Spencer Williams’ Behind-the-Camera Work Deserves Another Look
Anyone who watched American television during the 1950s knew Spencer Williams’ face. He was known in households everywhere for his weekly portrayal of Andy, the silliest of all the silly characters on “Amos ‘n’ Andy,” a popular comedy series with an all-black cast.
But there was something most viewers didn’t know: Just a few years earlier, Williams had been a full-fledged film maker in his own right. Before achieving his TV fame, he directed, wrote and performed in a string of movies aimed at black audiences and grounded in the folk traditions of rural Southerners.
After being overlooked for decades, this unique body of work has now been placed in a much-deserved spotlight by the Whitney Museum of American Art, which featured six Williams movies in its New American Film and Video Series recently. Williams, who died in 1969, is hardly a “new” film maker. But his work is as American as anything could be, and the museum--which takes a frequent interest in the byways of African-American cinema--has earned thanks for bringing it renewed attention.
Williams had a remarkable career. As a young man in Hollywood during the early years of sound film, he parlayed his knowledge of black folkways into a job with a major studio, where he worked on black-targeted “race movies” and other low-budget programming. But his real ambition was to make pictures based on the traditions he knew from his own rural Louisiana background. His big chance came in 1941, when he directed and acted in “The Blood of Jesus,” an astonishing 50-minute melodrama about a woman who has visions of heaven, hell, and her future life after being gravely wounded by her husband in a shooting accident.

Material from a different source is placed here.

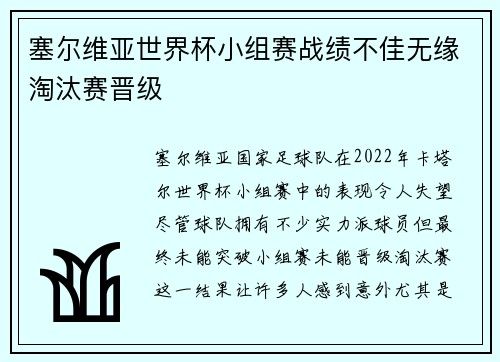 塞尔维亚世界杯小组赛战绩不佳无缘淘汰赛晋级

There’s nothing remotely slick or sophisticated about this movie, which (like all the Williams films I’ve seen) has rough-hewn performances, editing, and camera work. Such technical drawbacks seem unimportant, though, in light of the moral passion and visual creativity that mark the picture. While its cinematic qualities are unpolished, they allow for a directness of expression and a purity of atmosphere that have few equivalents in Hollywood or anywhere else. Just as important, the performances bypass Hollywood-style realism in favor of a ritual quality that recalls the traditions of Southern black churches--just as some of the most powerful and complex American jazz has deep roots in the heritage of gospel and church-choir music.
I agree with Whitney guest curator Adrienne Lanier Seward, who assembled the Williams programs, that “The Blood of Jesus” marks the high point of Williams’ film career.

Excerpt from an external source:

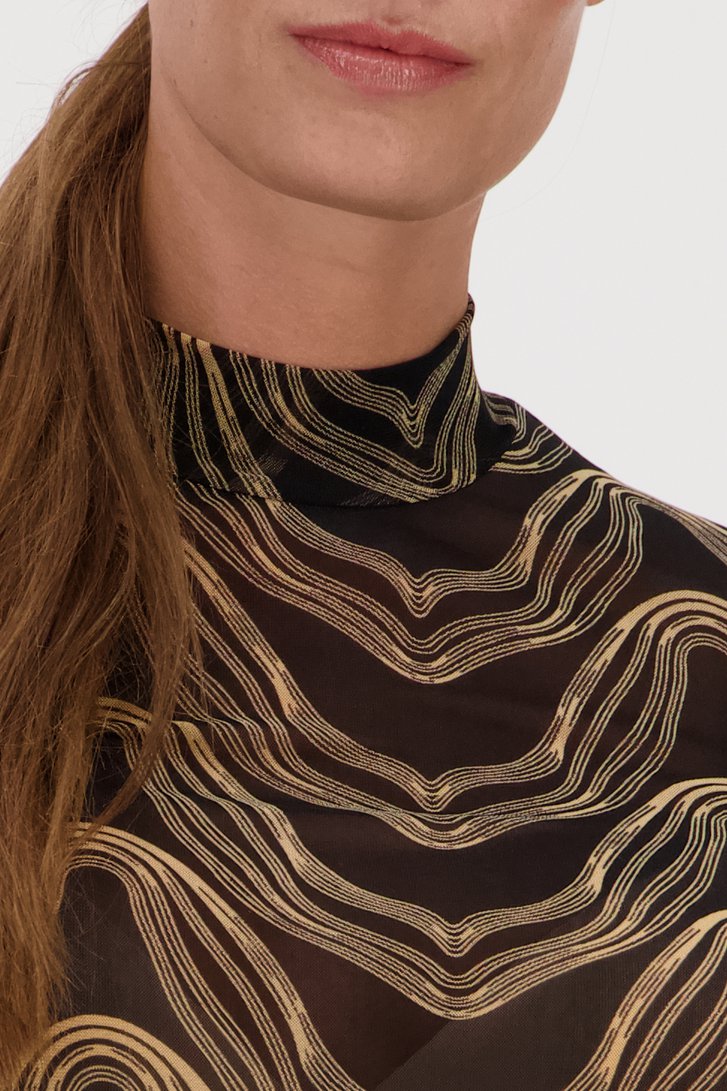 Fijn zwart T-shirt met beige patroon van Geisha voor Dames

“Go Down Death,” a 1944 drama about a righteous preacher framed by a sin-promoting villain, tries for a similar visionary style--complete with gauzy visions of the afterlife--to less compelling effect.

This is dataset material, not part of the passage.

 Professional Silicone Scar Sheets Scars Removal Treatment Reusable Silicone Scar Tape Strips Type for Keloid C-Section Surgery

“Of One Blood,” the moralistic story of brothers separated by the accidents of life, draws much of its interest from Williams’ inability to cope with special effects (there’s an unwittingly hilarious dam-breaking scene) or to coax conventionally realistic performances from his cast.
There’s hidden gold in Williams movies that don’t try so hard to be inspirational, though. “Dirty Gertie From Harlem USA,” made in 1946, recalls W. Somerset Maugham’s deftly written “Rain” (and “Sadie Thompson,” its most famous film version) in its story of a loose-living woman caught between a preacher and a sailor on a provincial island. “The Girl in Room 20,” also from 1946, does its moralizing in a setting that’s more commonplace and more convincing.
The 1947 comedy “Juke Joint,” meanwhile, is genuinely comical but in an ironic way: Its humor, especially when Williams himself is on the screen, strongly recalls the humor of “Amos ‘n’ Andy” on TV a decade later. The irony is that “Amos ‘n’ Andy,” made by whites even though it featured black performers, was eventually attacked and removed from circulation on the ground that it promoted racial bias.
I think there was a good case for taking “Amos ‘n’ Andy” off the air at a time when blacks were fighting a hard (and still unfinished) battle against bigotry. But it’s interesting to see nearly identical humor in slightly earlier films that were made by blacks for specifically black audiences, possibly testimony to the limits on black freedom or the black self-image. It’s also enlightening to see those movies in the context of Williams’ brief but distinctive career. Like no other film maker, he overcame the limitations of restricted resources to make a body of work that represents a proud and unmistakable alternative to the Hollywood and TV establishments.
The New American Film and Video Series continues at the Whitney with “AIDS Media: Counter-Representations,” a varied program on the AIDS crisis. Later this season the museum will present work by Yoko Ono. Springtime will bring the important Whitney Biennial Selection of ground-breaking film and video works.